December 19, 2015
Update!: The competition has now ended and I am in 87th place on the public leaderboard out of 1,388 teams/individuals. Top 6% for my first kaggle!
Getting Started
Ever since I have known about kaggle, I have always seen it as a place where accomplished data scientists and skilled veterans of the machine learning space go to stretch their legs and dominate. However, as I continued to look through the competitions and through the forums where aspiring data scientists were asking a wide variety of questions, I realized that my preconceptions were probably holding me back from learning a lot through practical application. It is definitely one thing to read about algorithms and techniques and quite another to actually implement. Anyways, with that in mind, I figured I would jump in and get started.
Before I got started on the whats cooking competition, I had read a lot about the models that I was planning to use and had also read code from past competitions; however, jumping into the competition helped me actually get my hands dirty with models that I had only used a couple times before. More importantly, having to actually write the code myself, I got to practice being (or at least trying to be) systematic and comprehensive in my modeling decisions. Ultimately, I think the competition pushed me to not only read/learn, but also practice and be comfortable with an iterative problem solving process.
What's Cooking
The competition as mentioned before was hosted on the kaggle platform. While there were many competitions to choose from, I decided to do this cooking challenge because I was interested in learning natural language processing, which I felt like I hadn't really been able to practice. Although the competition did not require much real language processing, it was still appealing and interesting to think about how different ingredients could be used to predict the cuisine. (Most of the code for this competition is on my github. There are a few cleanup functions and exploratory scripts that I unfortunately have on another computer)
For me, the largest reason for joining this competition was to learn. More than wanting to place well on the leaderboard, I wanted to understand what I was doing with the algorithms I was using and I wanted to make educated decisions about my modeling choices. Then, if I happened to do well that would be an additional blessing. As a result, I spent lots of time learning by reading and tinkering. Instead of copying code from forums, I wanted to implement things myself, which took lots of time...lots of trial...and lots of error...
Initial decisions
To start with, my plan was to (I eventually only had time to do up to number 7, but ended up with a satisfying score):
- Start by exploring the data and summarizing the data to understand how the classes look, how the ingredients are distributed across cuisines, and start brainstorming which models I wanted to use
- Process the data so that I could use it as input into the model that I had decided to move forward with
- Build a simple baseline model upon which I could further improve
- Logistic regression was good for this problem because its a simple model compared to the other models that I could have started with...
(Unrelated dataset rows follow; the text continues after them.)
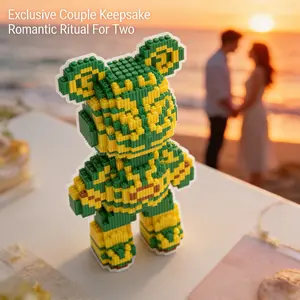 Bronze Bear Building Block Toy Model Ys1370, 27cm Desktop Decoration, DIY Craft Kit Gift for Birthday & Holidays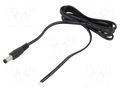 Cable; 2x0.5mm2; DC 5,5/2,5 plug; straight; black-grey,black; 1m POS POSDC-T-P25S-1.0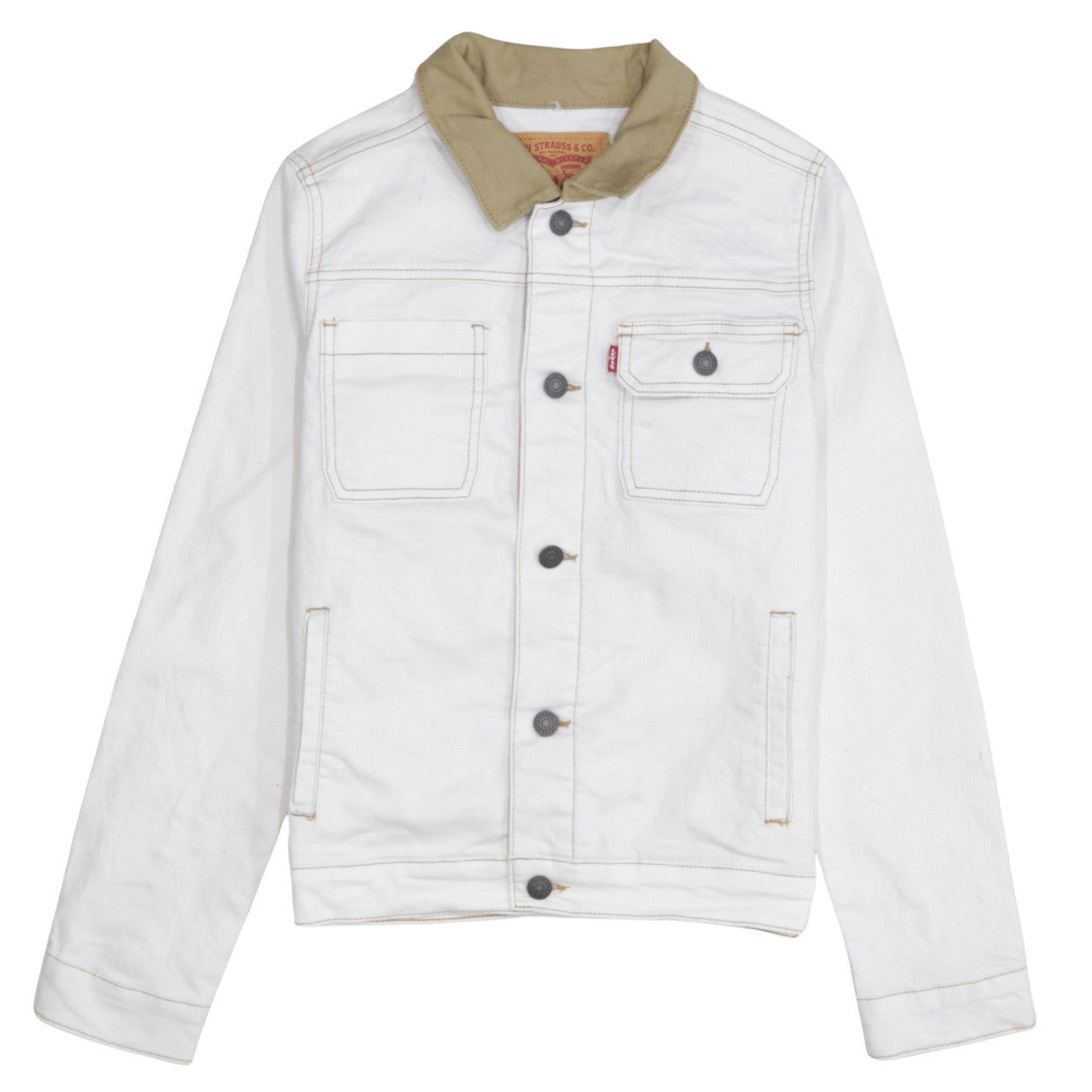 Levi’s Boys White Cotton Basic Jacket Size 14 Years Collared Denim Style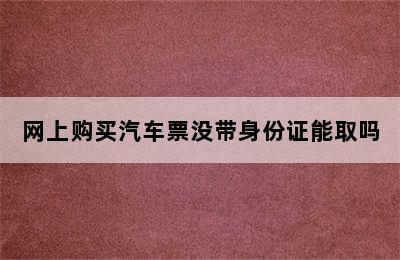 网上购买汽车票没带身份证能取吗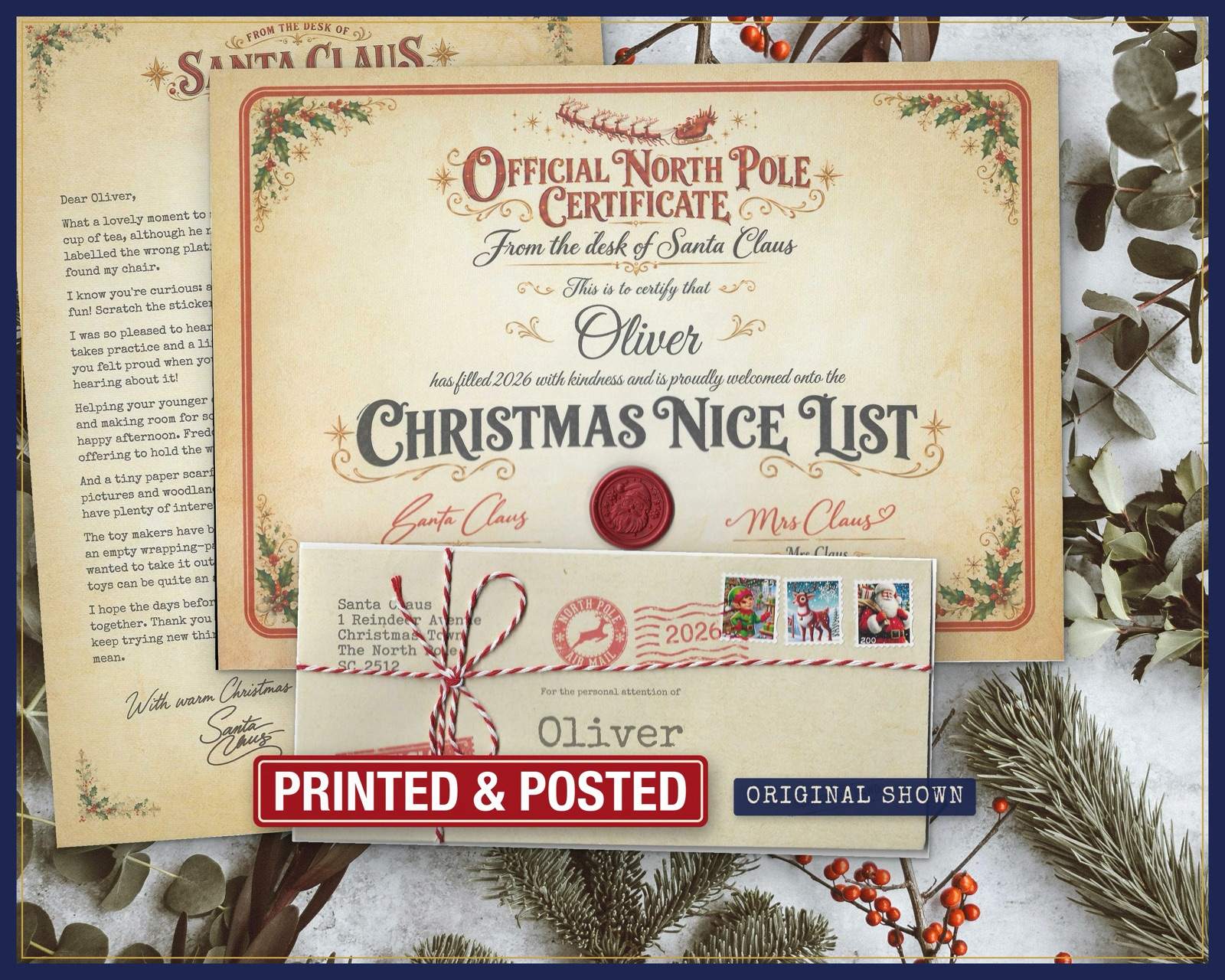 An Original Letter set: envelope with the name Oliver, letter and Nice List certificate with a red seal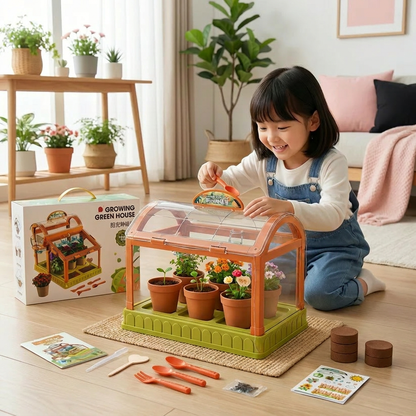 アクリル製LED子供用温室 – 室内栽培キット（楽しく学べる植物育成セット）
- See if I need to change the way I was extracting features/ implement new feature extraction techniques to get more information from the data
- Fit the simple model again and tune the parameters
- Start experimenting with and tuning more complex models that make sense given the problem
- One thing that I am trying to learn more about is when to use a model given the input data because it is easy to throw a million models at a problem and see what works, but it takes experience and skill to figure out what model would work best given the nature of the data (though in averaging I use many random models because the point of the weighted averaging, as I know it, is to try to use weak learners and/or uncorrelated submission files to create a stronger learner/submission)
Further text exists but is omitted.